Cola. - In queste condizioni, Cola, un giovinetto nato nel rione del Tevere nel 1313 da un taverniere e da una lavandaia od acquaiola, fattosi, da mezzo contadino che era, da sè, archeologo, notaio, si vide ucciso il fratello da quei miserabili che erano al governo, o meglio, allo sgoverno di Roma.
Allora egli, che, come dice l'Anonimo storico, avea nella bocca sempre un riso fantastico, e già, meditando sui libri antichi e sui monumenti eloquenti di Roma, aveva pianto sulle sue miserie e spesso esclamato con quel suo strano sorriso: "Dove sono i buoni Romani dei vecchi tempi?

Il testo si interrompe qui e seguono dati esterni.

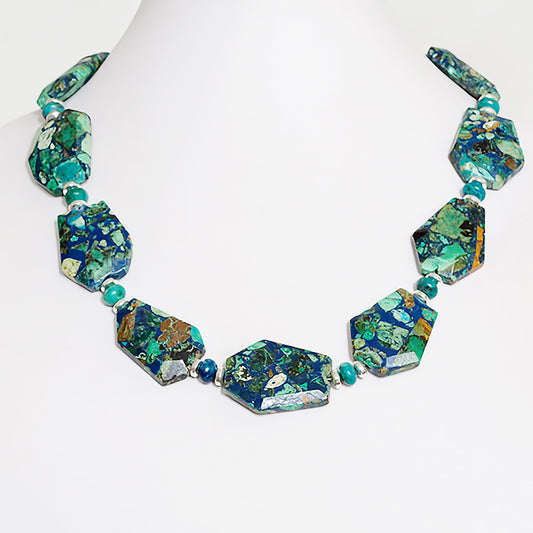 Slabs of Chrysocolla with Jasper and Hematite Necklace - Victoria's Jewellery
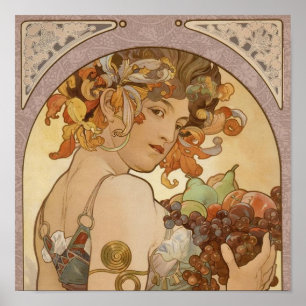 Alphonse Mucha Fruit Art Nouveau Vintage Maiden Poster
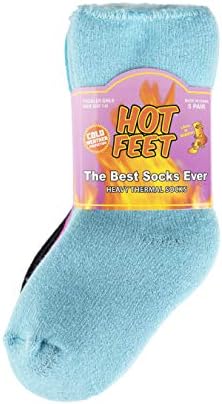 Toddler Boys and Girls 5 Pack Crew Thermal Socks w/Soft Thick Brushing Inside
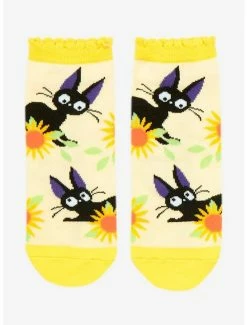 Discount 🎉 Studio Ghibli Kiki's Delivery Service Jiji Sunflower No-Show 🧦 Socks 👏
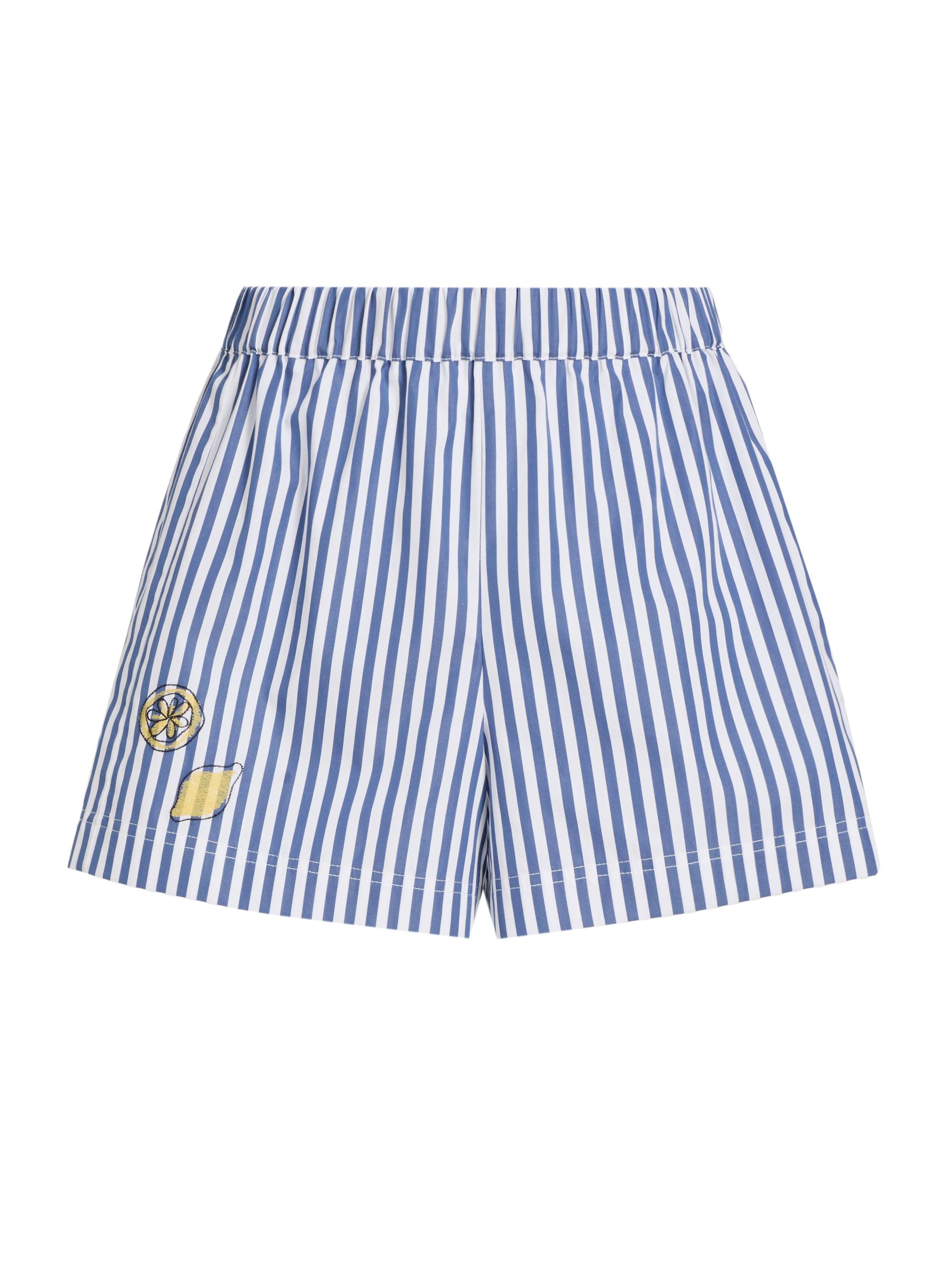 Tanya Taylor Women's Fallon Striped Cotton Shorts - Optic White French Blue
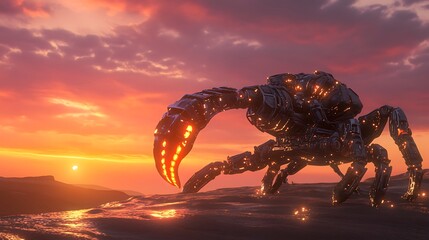Massive mechanical crab silhouette against a vibrant sunset landscape, detailed with glowing orange accents and pixelated texture, standing on dark ground near a reflective water surface, warm toned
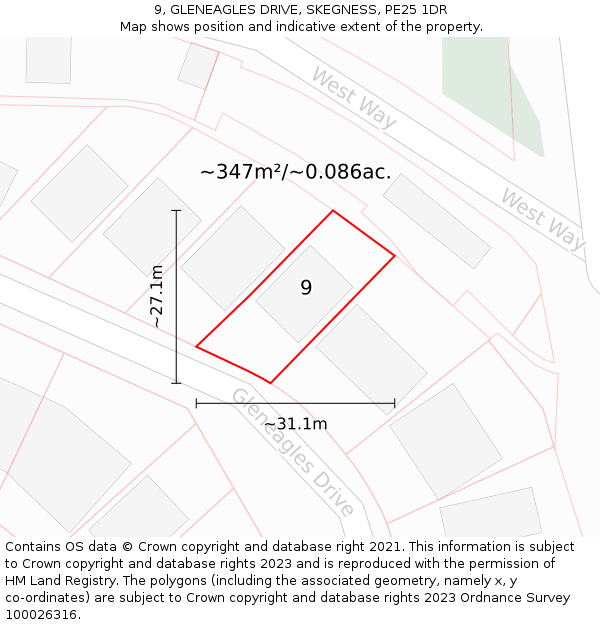 9, GLENEAGLES DRIVE, SKEGNESS, PE25 1DR: Plot and title map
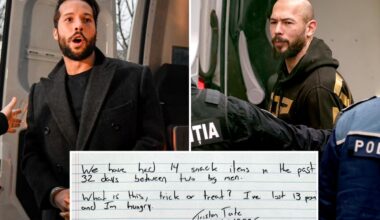 Andrew Tate, Tristan Tate brothers whine about jail in handwritten note to lawyer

Dove è la loro giustizia?", fu preso da un'irresistibile fantasia, come confessò poi (Lettera a Carlo IV, documento 33 nel Papencordt), di intraprendere coll'opera ciò che aveva imparato prima leggendo.
Come notaio si dà a proteggere i pupilli e le vedove, e assume il curioso titolo di loro Console, così come si davano a' suoi tempi i Consoli dei falegnami, dei lanaioli, ecc.
E però, notisi, usava una penna d'argento, dicendo che tale era la nobiltà del suo ufficio da dovervisi adoperare solo quel metallo il che - a chi ben consideri, tradisce quella doppia passione dei simboli e del lusso, che poi tanto in lui giganteggiò - essendo chiaro che quell'ufficio si può esercitare nobilmente anche con una penna..... d'oca.
Nel 1343, in una delle molte rivoluzioncelle che eran abituali a quell'epoca, la plebe avea tentato abbattere il Senato, creando il Governo dei tredici sotto l'autorità papale.
In quella occasione il Cola fu mandato ad Avignone come oratore del popolo, e là vivamente dipinse le tristezze di Roma, e colla franca e potente eloquenza colpiva e seduceva i freddi prelati, da cui ottenne la nomina di notaio della Camera Urbana (1344).